There exist only a few Irish words in common use....
In 2007, the same year that Europe declared Irish an official language of the Union, the Department of Community, Rural and Gaeltacht affairs here in Ireland estimated that there were only 44,000 speakers of the language.
This figure amounts to only 1% of the population and it is based only upon an estimation of the number of people who live within the designated Gaeltacht (Gaelic-speaking) areas. The percentage of those who use the language extensively, or even regularly, has to be a lot less.
Gaelic Irish is a required subject in public schools, and so there is a rudimentary level of knowledge within the culture. There are Irish-language radio programs and a television station that shows good Irish-language documentaries that are subtititled in English.

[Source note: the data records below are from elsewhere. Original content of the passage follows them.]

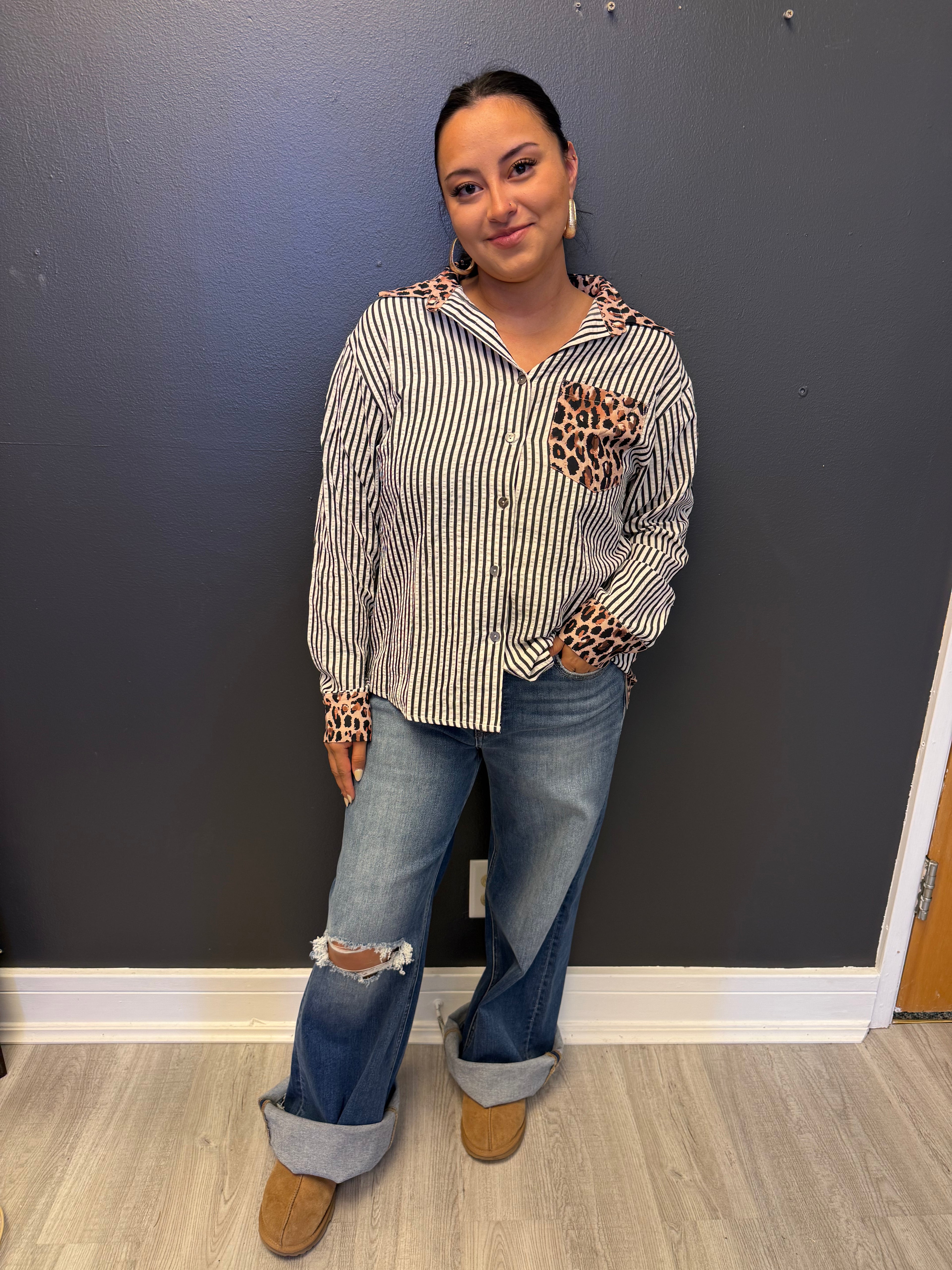 Leopard and Striped Button Down Top
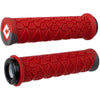 Red motorcycle grips with black ends on a white background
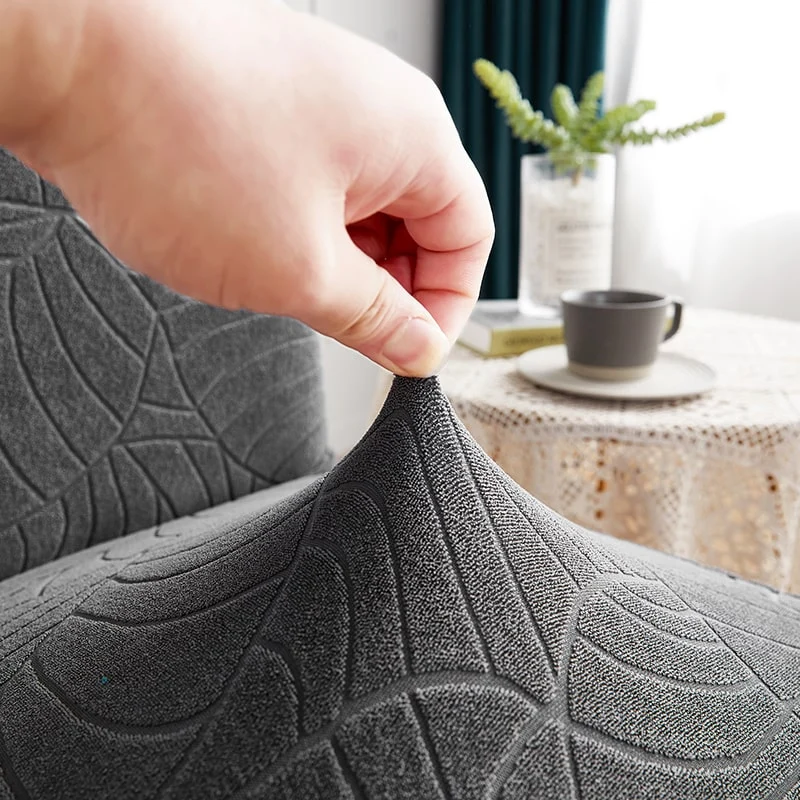 Housse de Chaise Imperméable Feuille Gris Anthracite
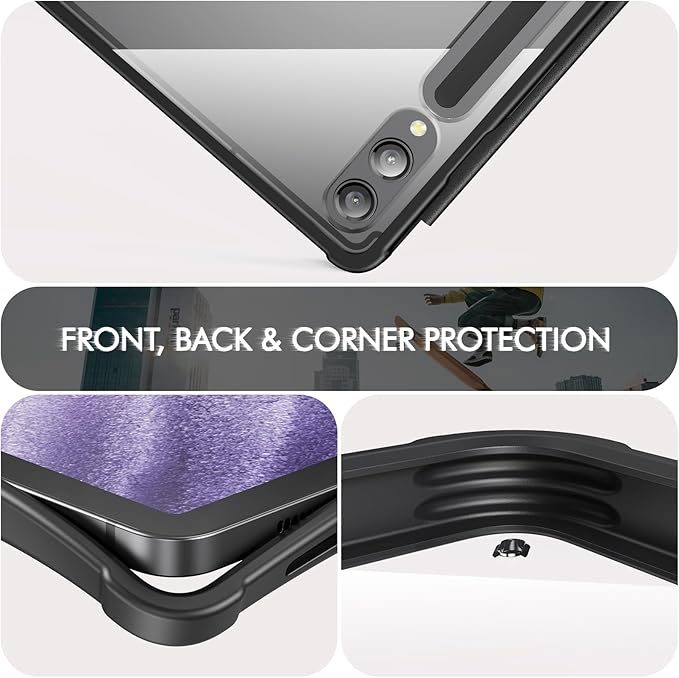 INFILAND for Galaxy Tab S10+ S9+ Plus/S9 FE+ Plus Keyboard Case [High Precision Tackpad] 360 Rotating Stand Detachable Magnetic Wireless Keyboard Cover Light Black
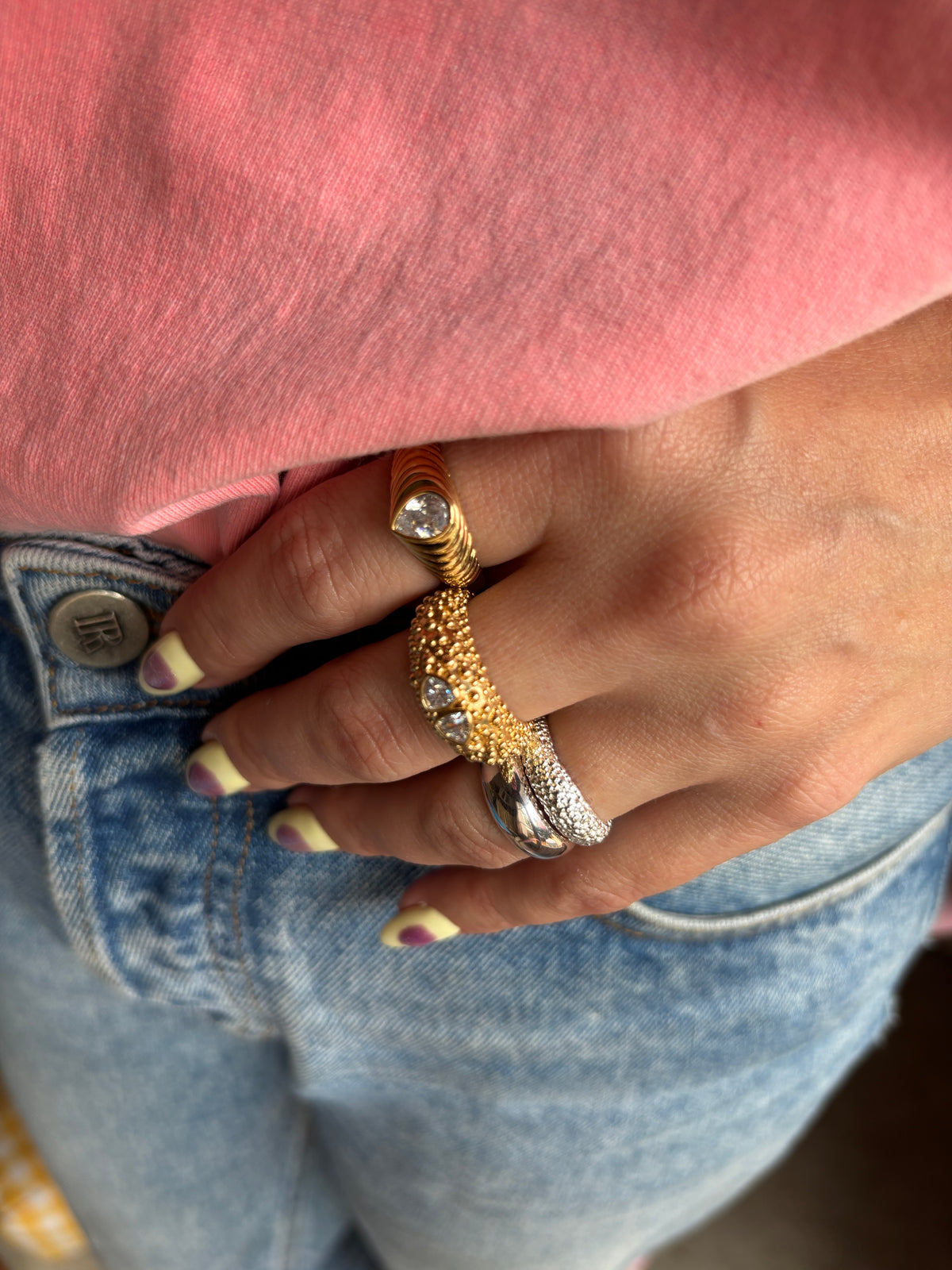 BAGUE BOMBÉE ARGENT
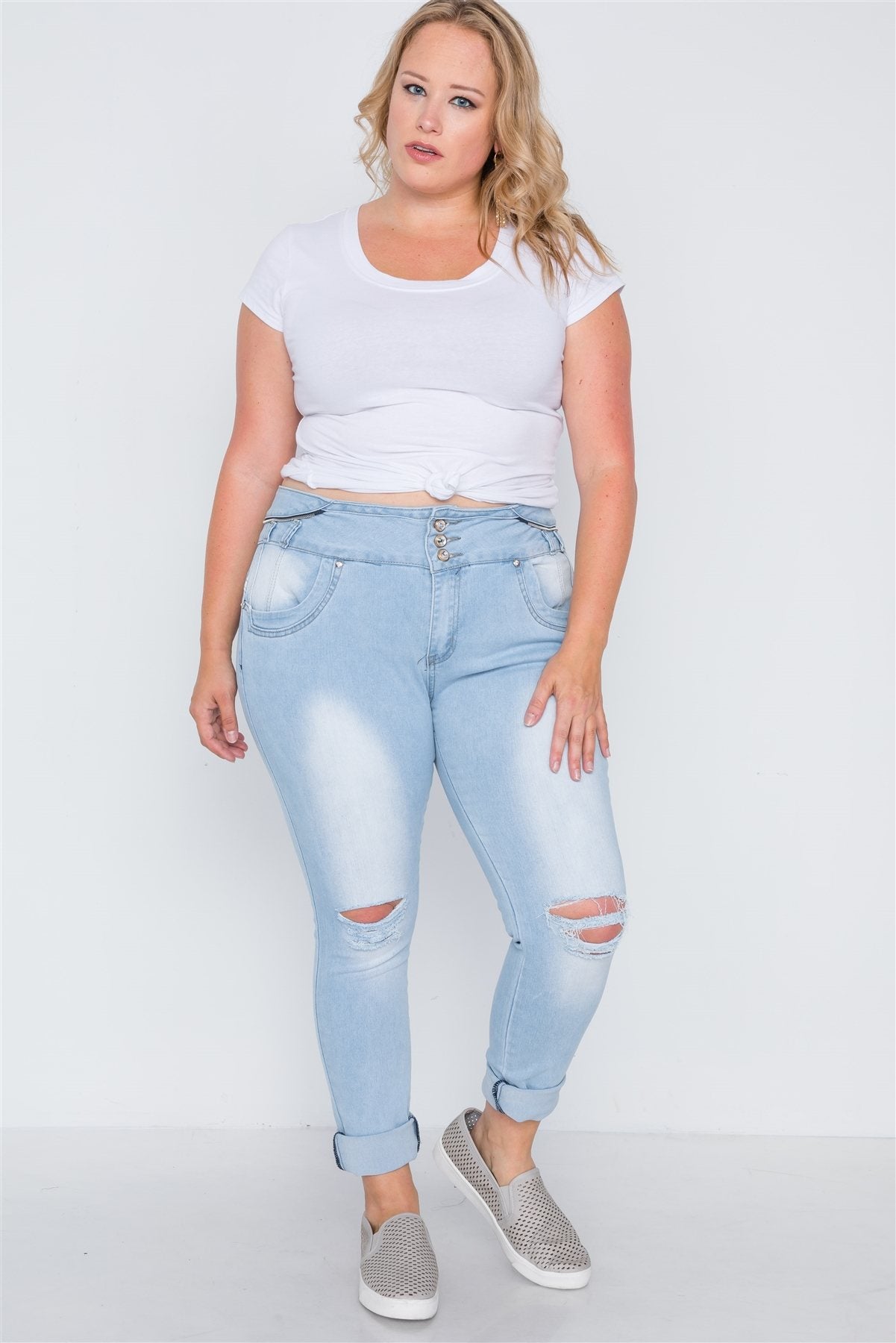 plus Size Light Denim Distresses Skinny Jeans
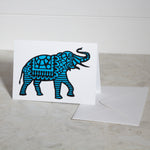 Elephant Paper Cut Greeting Card 5x7 Inch (12.5 x 17.5cm)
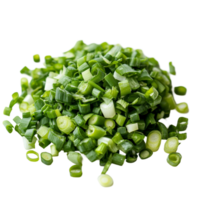 Chopped green onions arranged neatly on a transparent background showcasing fresh herbs ideal for culinary use, chopped green onions on transparent background png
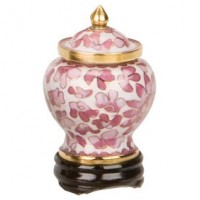 Pink Floral Cloisonne Keepsake Urn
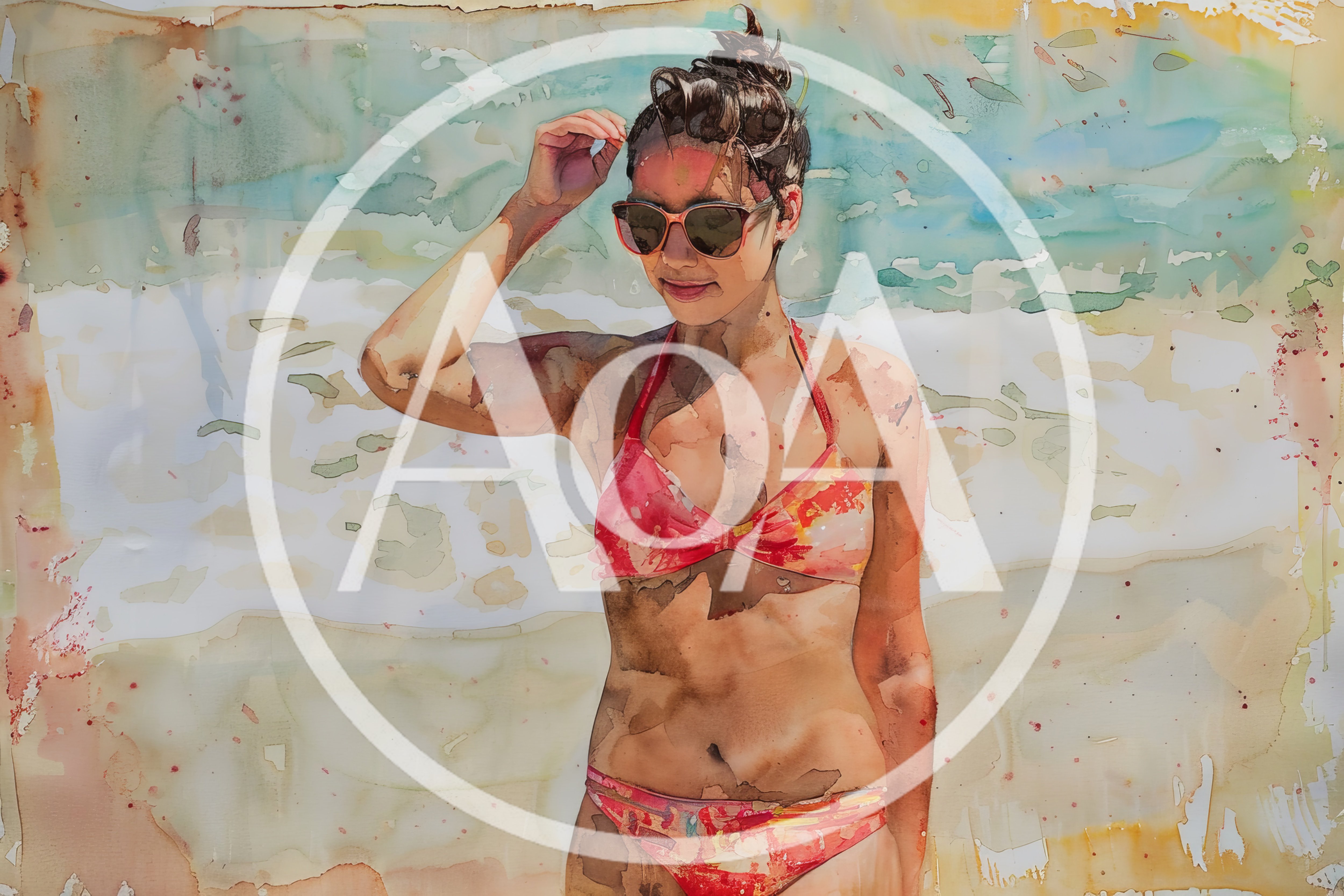 Watercolor Painting Of A Woman In A Bikini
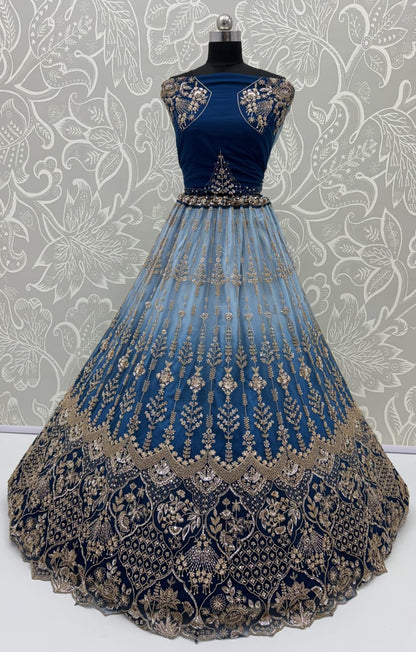 Sky Pure Heavy Net Motif Handwork Zari Sequins Work Bridal Lehenga Choli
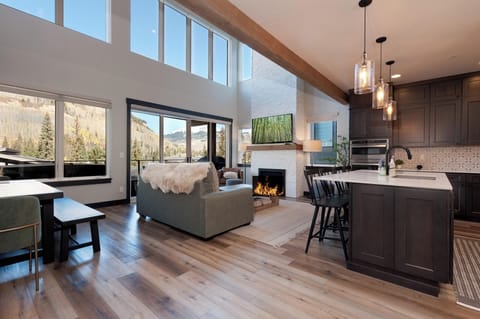 Main Living Space and Kitchen (TV and Gas Fireplace) - and awesome views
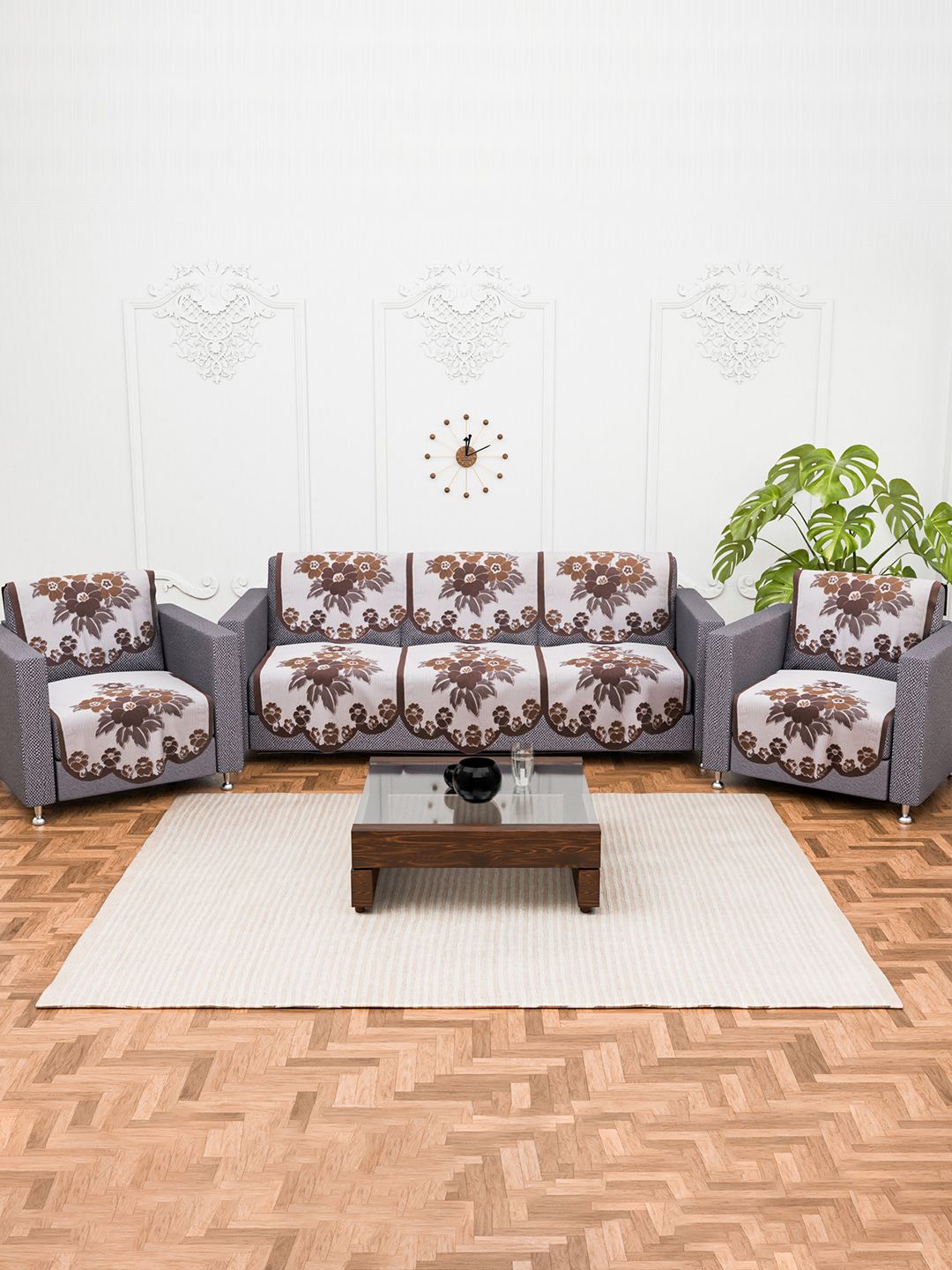 

Kuber Industries White & Brown 10 Pieces 5 Seater Printed Cotton Sofa Cover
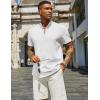 imageCOOFANDY Mens Henley Shirt Short Sleeve Casual Summer Beach Hippie TShirts Lightweight Vacation TopsWhite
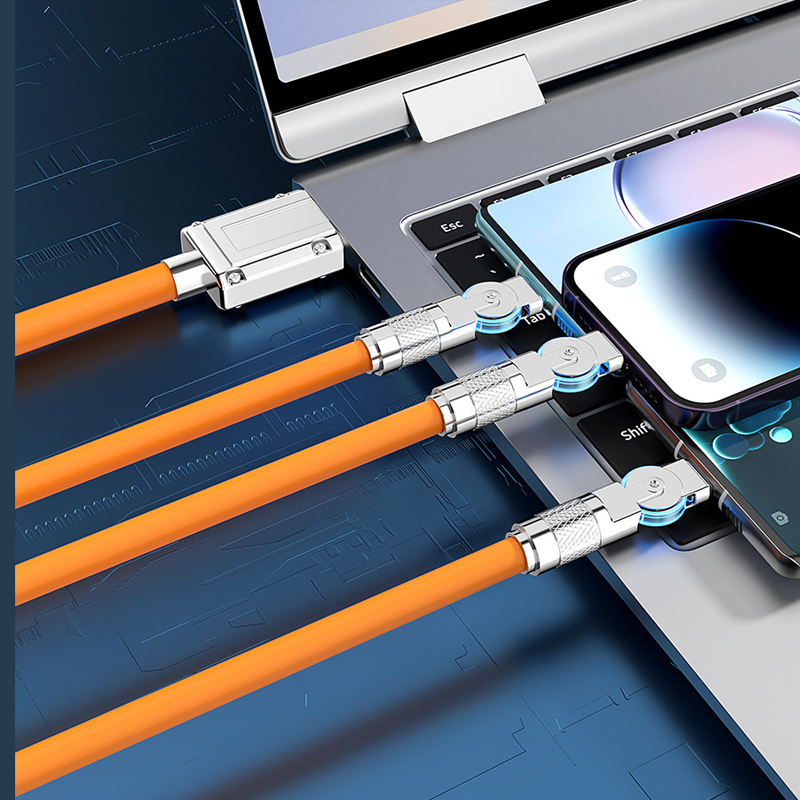 🔥120W 3 in 1 Rotating Elbow Fast Charging Data Cable⚡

The newspapers have a tendency to feature at least one article written in the old language.
But as an active language, Gaelic Irish is nearly extinct.
Politicians often feel compelled to demonstrate that they have some command of Irish; but at the same time they make a great show of being "one of the people." The people don't speak Irish.
According to the United Nations Educational, Scientific and Cultural Organization (UNESCO,) Gaelic Irish in 2009 is a language that is "definitely endangered," and it may be on its way to disuse.
In 2011 the political party Fine Gael suggested that the study of the Irish language, long requisite for the "leaving certificate" in public schools, be declared optional.